Task requirements:
Your copy runs from the line containing "Largo Black Pendant Light 3 Xe27 small 6" through the last line of the listing, both included. Restate those lines word for word and leave out pictures.

****************************************

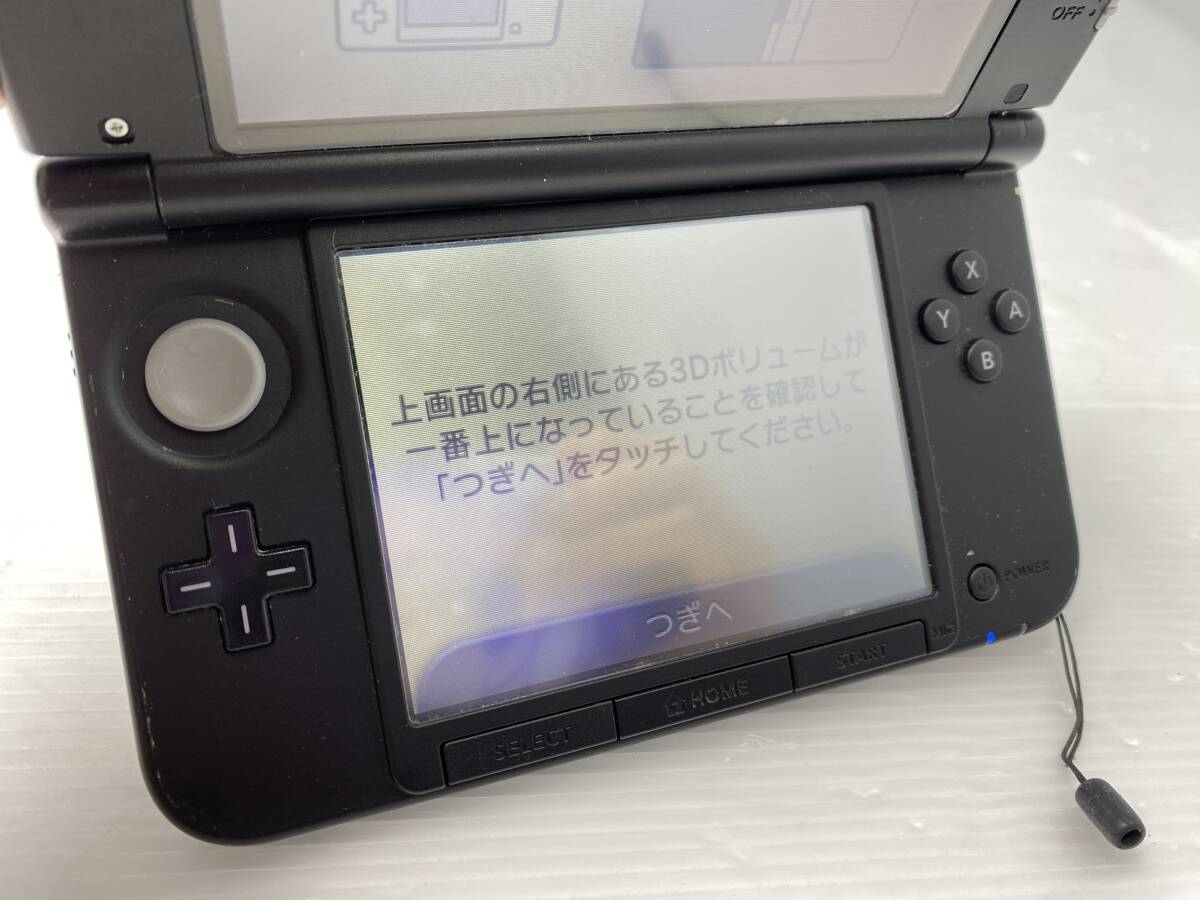 ★初期化OK★NINTENDO 3DS LL SPR-001 本体 グレー【中古/現状品】の画像3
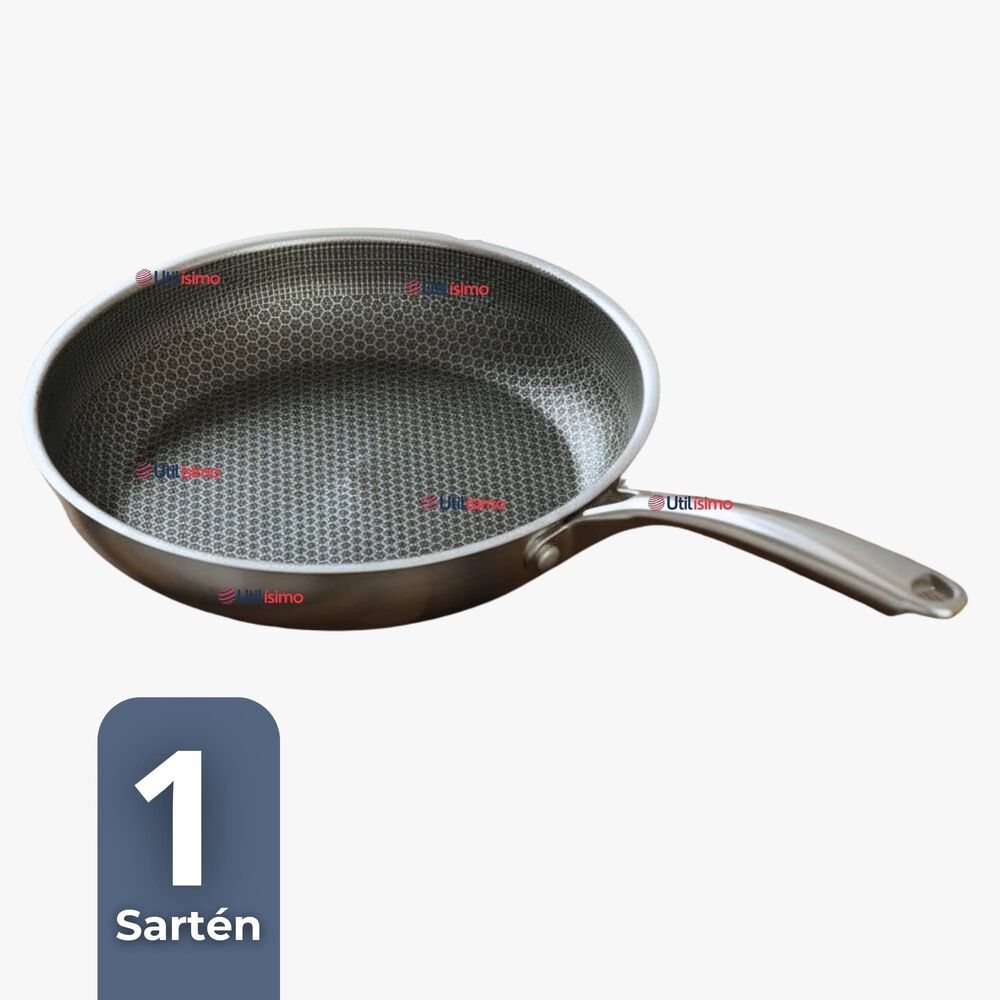 Sartén Acero Inoxidable Antiadherente 28cm Para Cocinar Freír Saltear image number 0.0
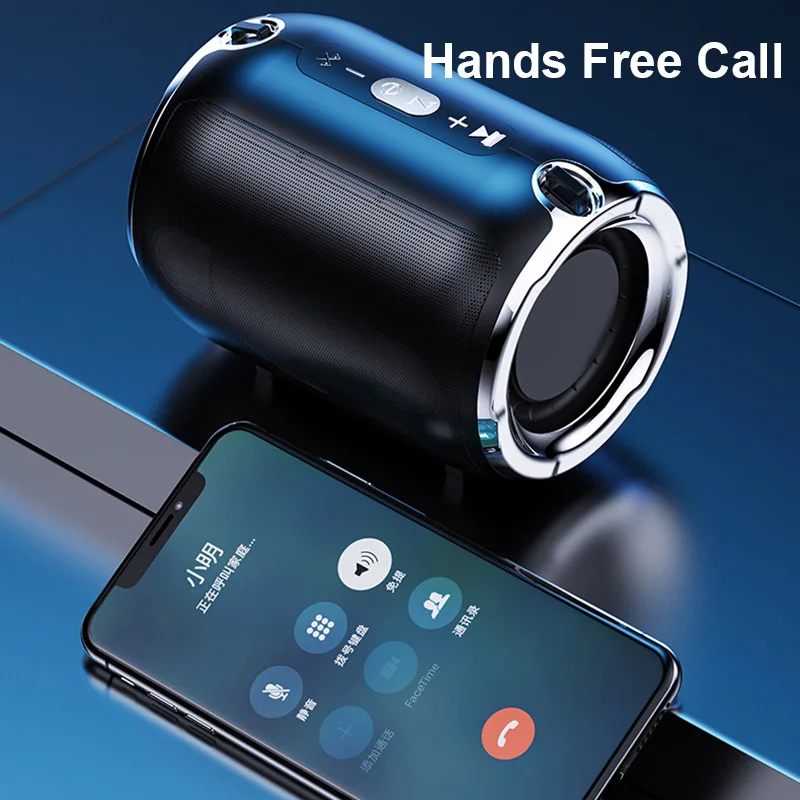 Портативная беспроводная Bluetooth колонка миниатюрная стерео Колонка для телефона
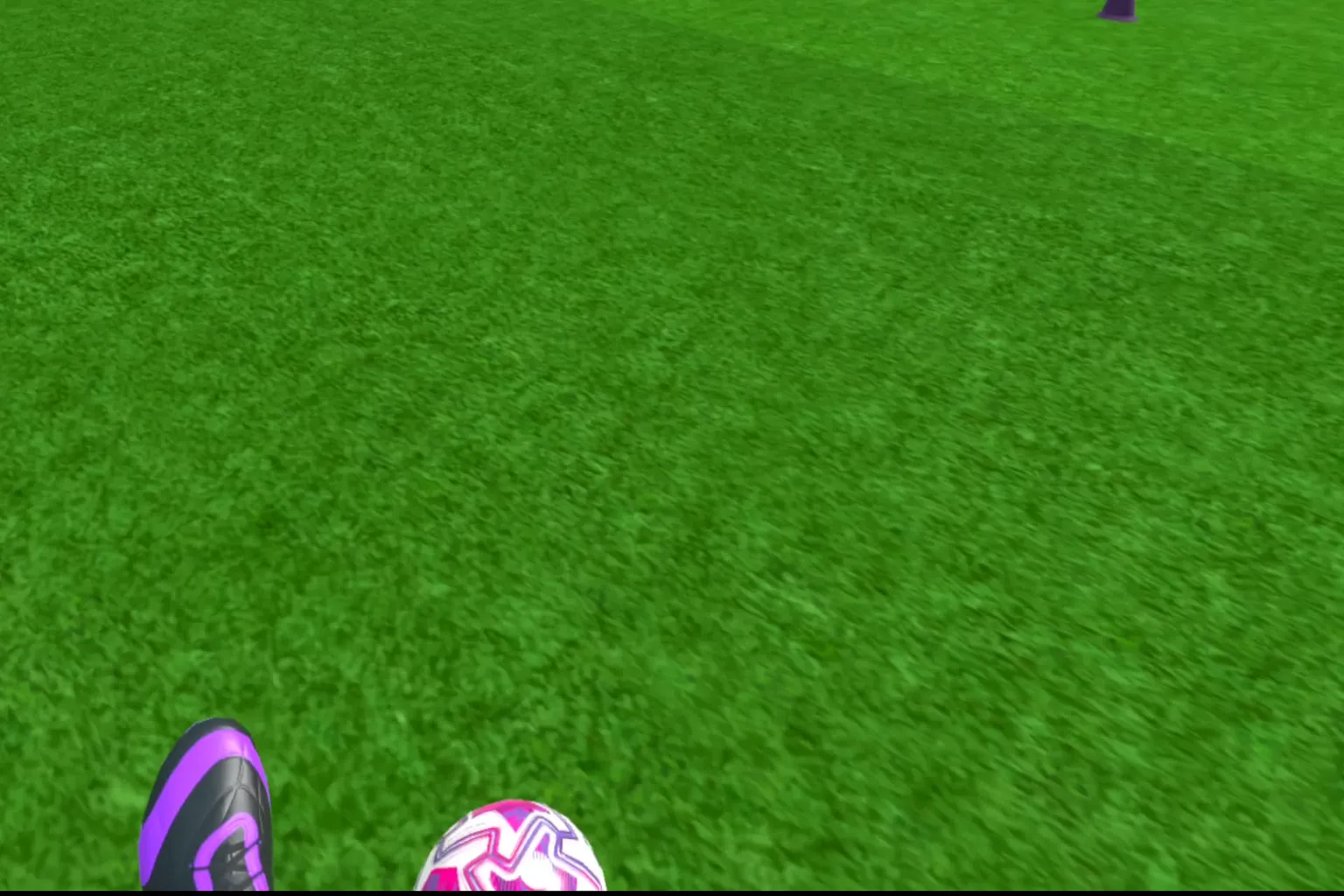 玩家於 King Power Stadium 內進行運球練習，雙腳站穩在白線邊準備起步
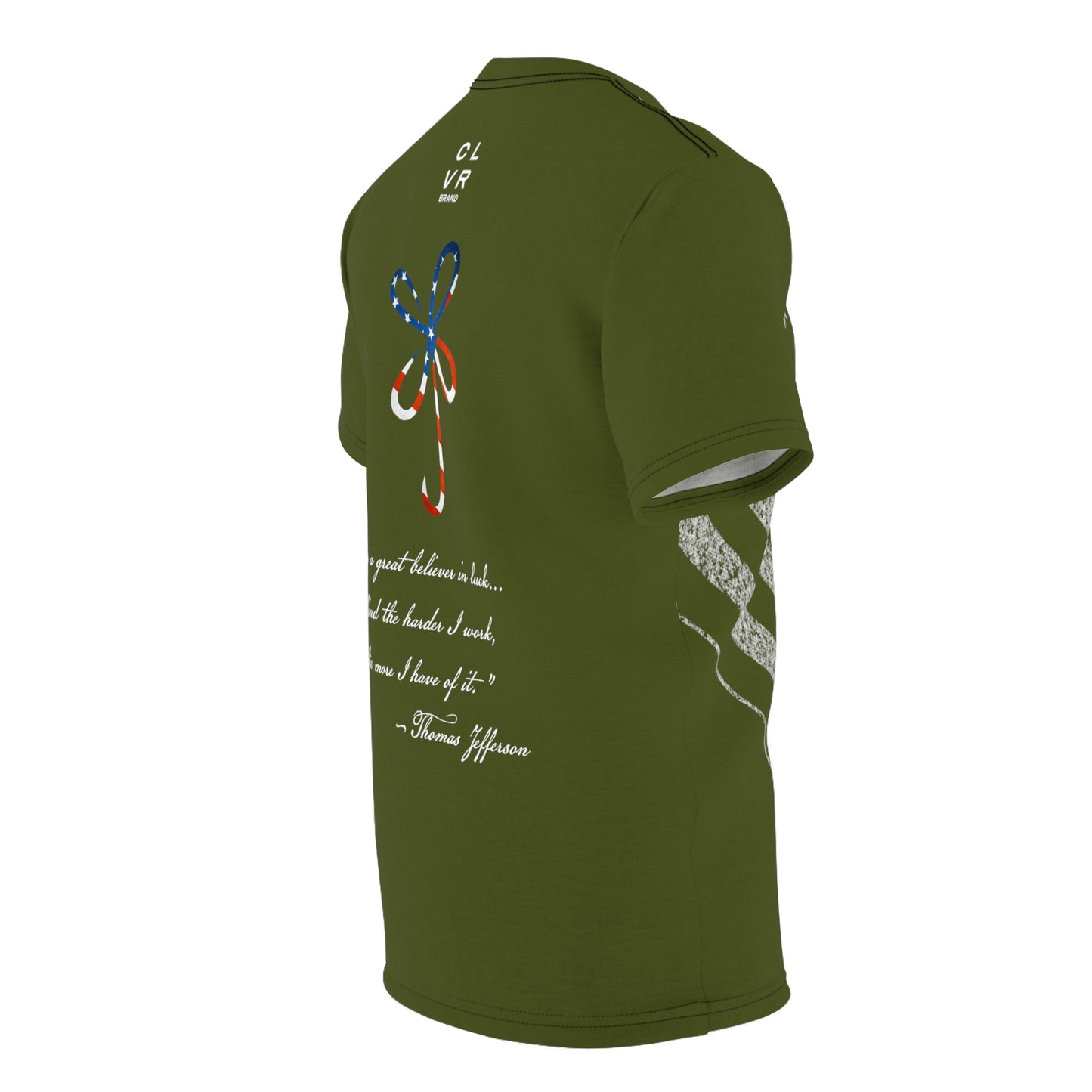 Men's Army Green USA Star Spangled Tee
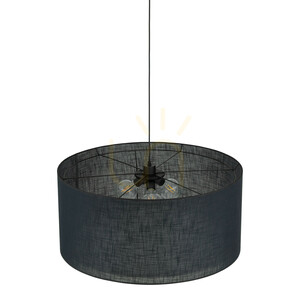 Largo Black Pendant Light 3 Xe27 small 6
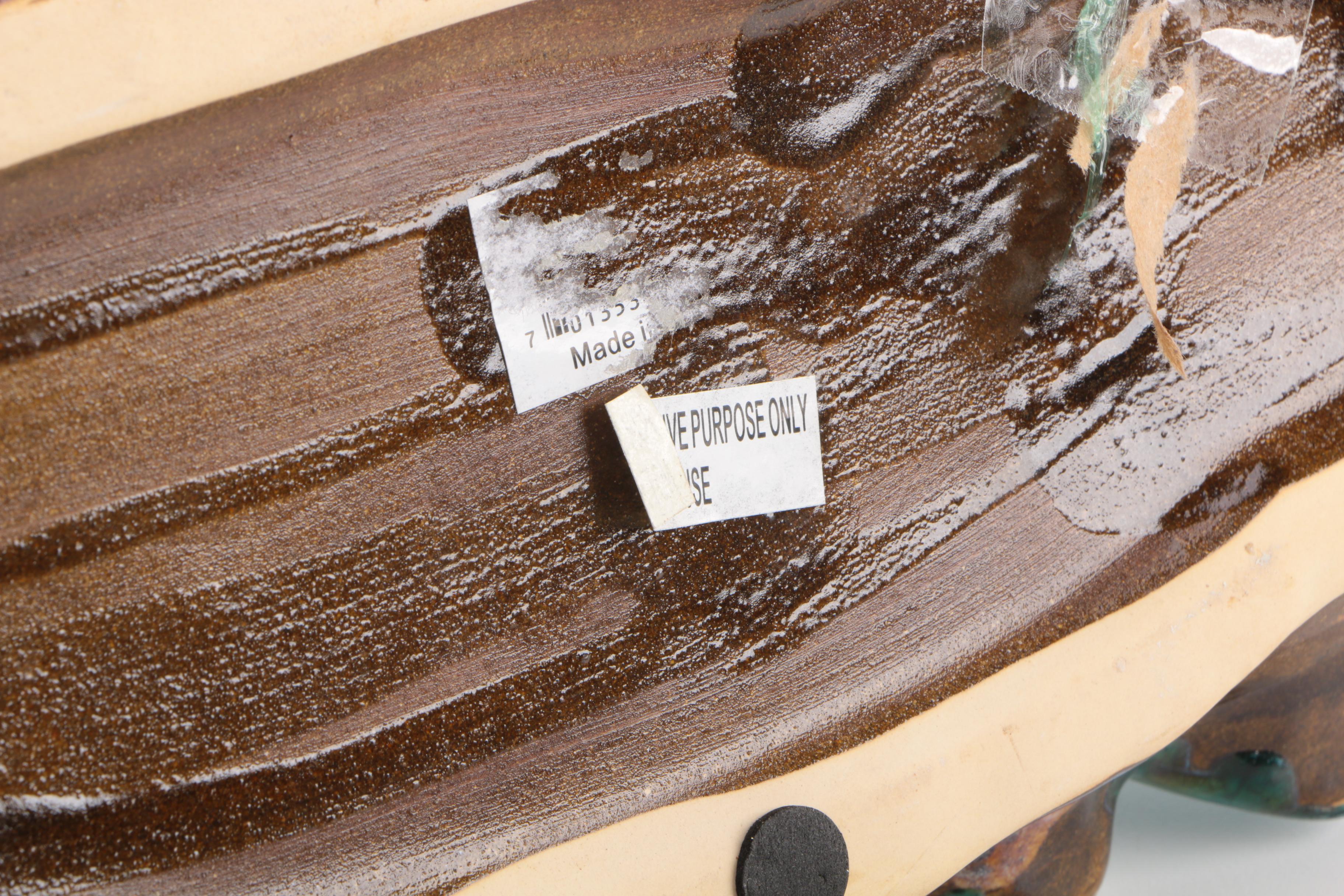 Ceramic Peacock Figurine Pair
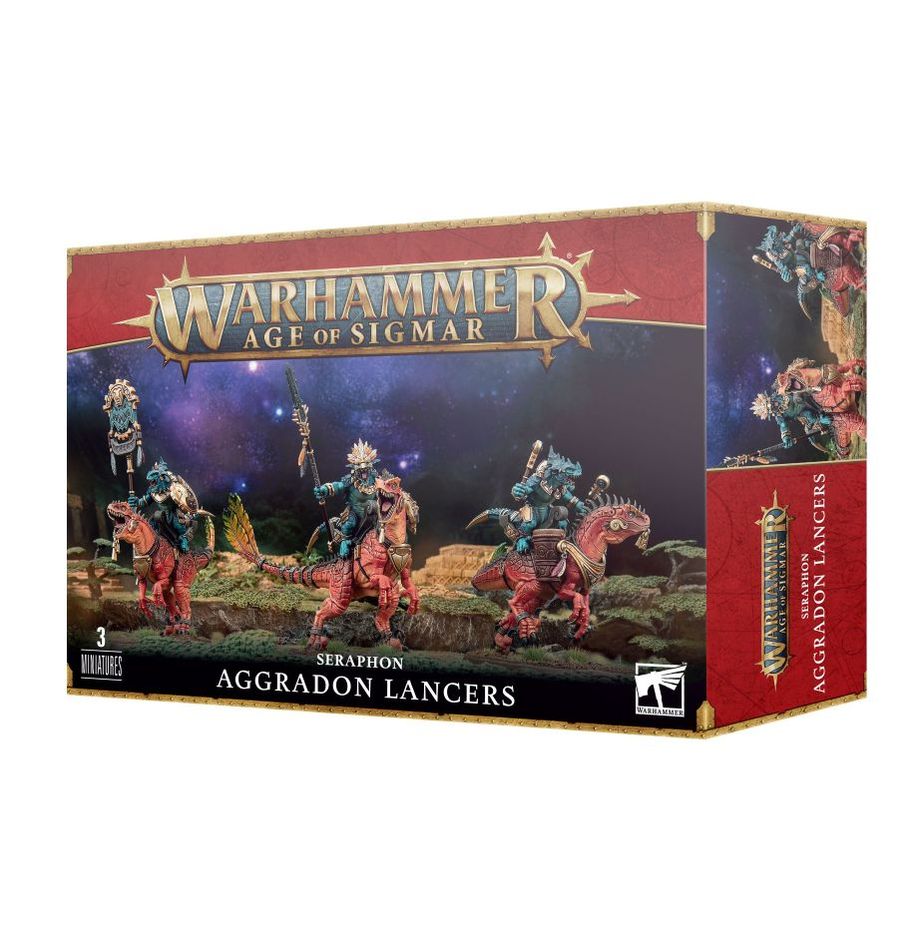 Warhammer Age of Sigmar: Seraphon: Aggradon Lancers (88-18) Age of Sigmar FoneFunShop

****************************************

Finished task:
 Largo Black Pendant Light 3 Xe27 small 6
 Ceramic Peacock Figurine Pair
 Warhammer Age of Sigmar: Seraphon: Aggradon Lancers (88-18) Age of Sigmar FoneFunShop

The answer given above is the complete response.